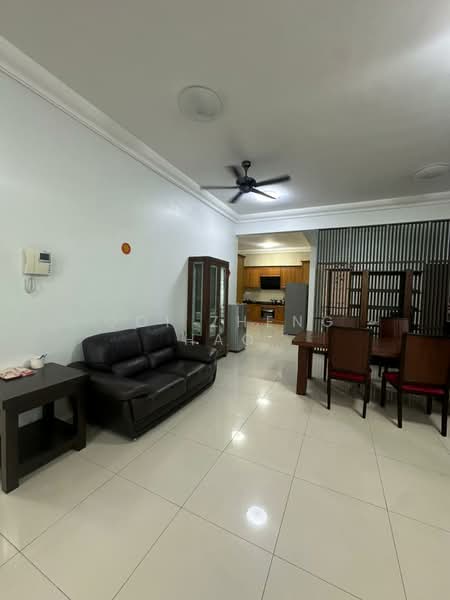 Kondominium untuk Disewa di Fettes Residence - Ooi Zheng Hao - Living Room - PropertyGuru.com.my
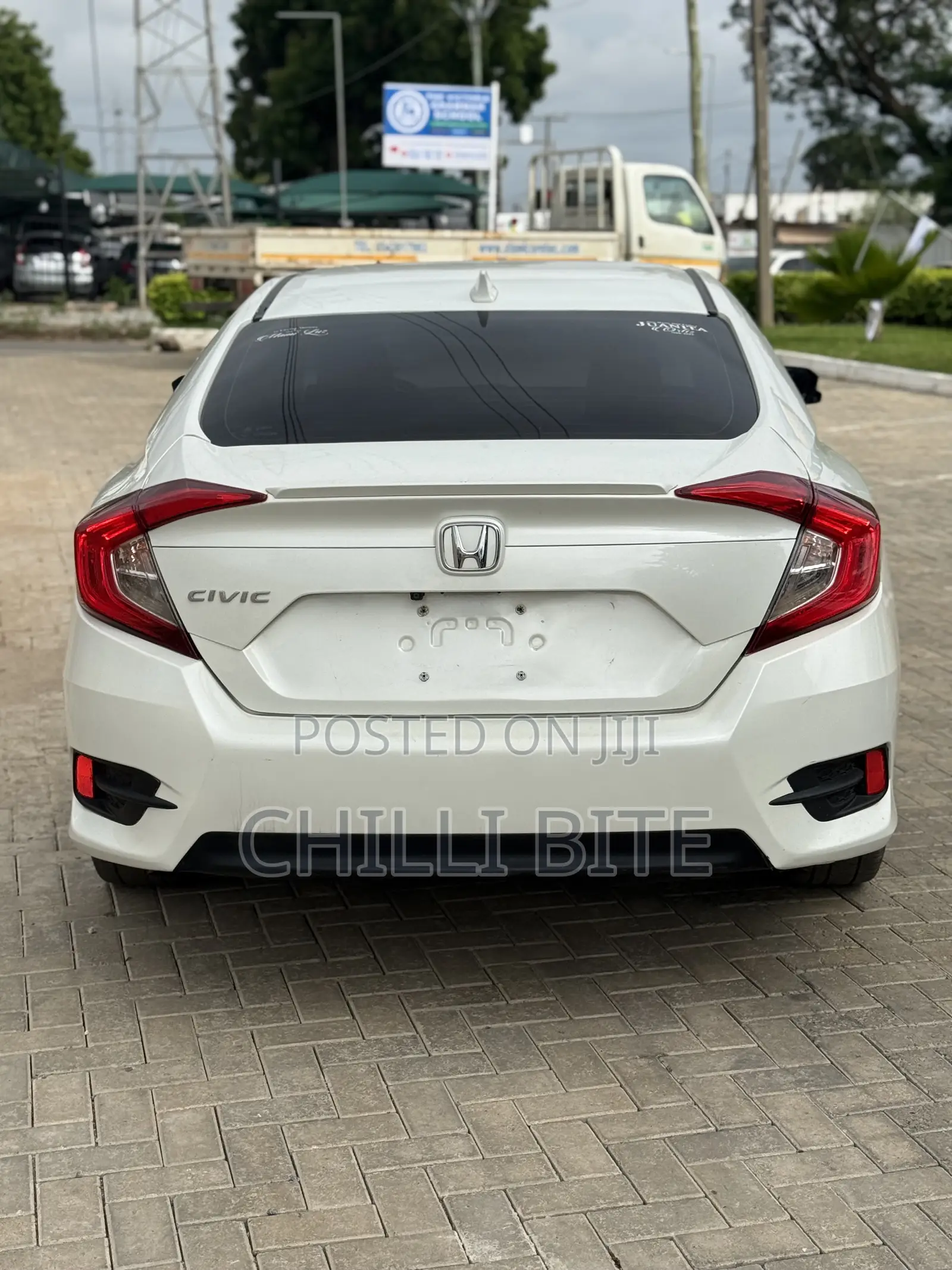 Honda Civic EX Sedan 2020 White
|---|
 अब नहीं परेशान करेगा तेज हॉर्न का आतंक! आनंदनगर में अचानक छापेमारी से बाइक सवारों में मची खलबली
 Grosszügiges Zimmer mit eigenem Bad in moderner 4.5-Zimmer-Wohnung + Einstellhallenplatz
|---|
▸ **Activity**: Starting at the line containing "Kondominium untuk Disewa" and stopping at the line containing "Honda Civic EX Sedan 2020 White", output every line above exactly, both ends included, with pictures omitted.

▸ **Solution to this exercise**:
 Kondominium untuk Disewa di Fettes Residence - Ooi Zheng Hao - Living Room - PropertyGuru.com.my
 Honda Civic EX Sedan 2020 White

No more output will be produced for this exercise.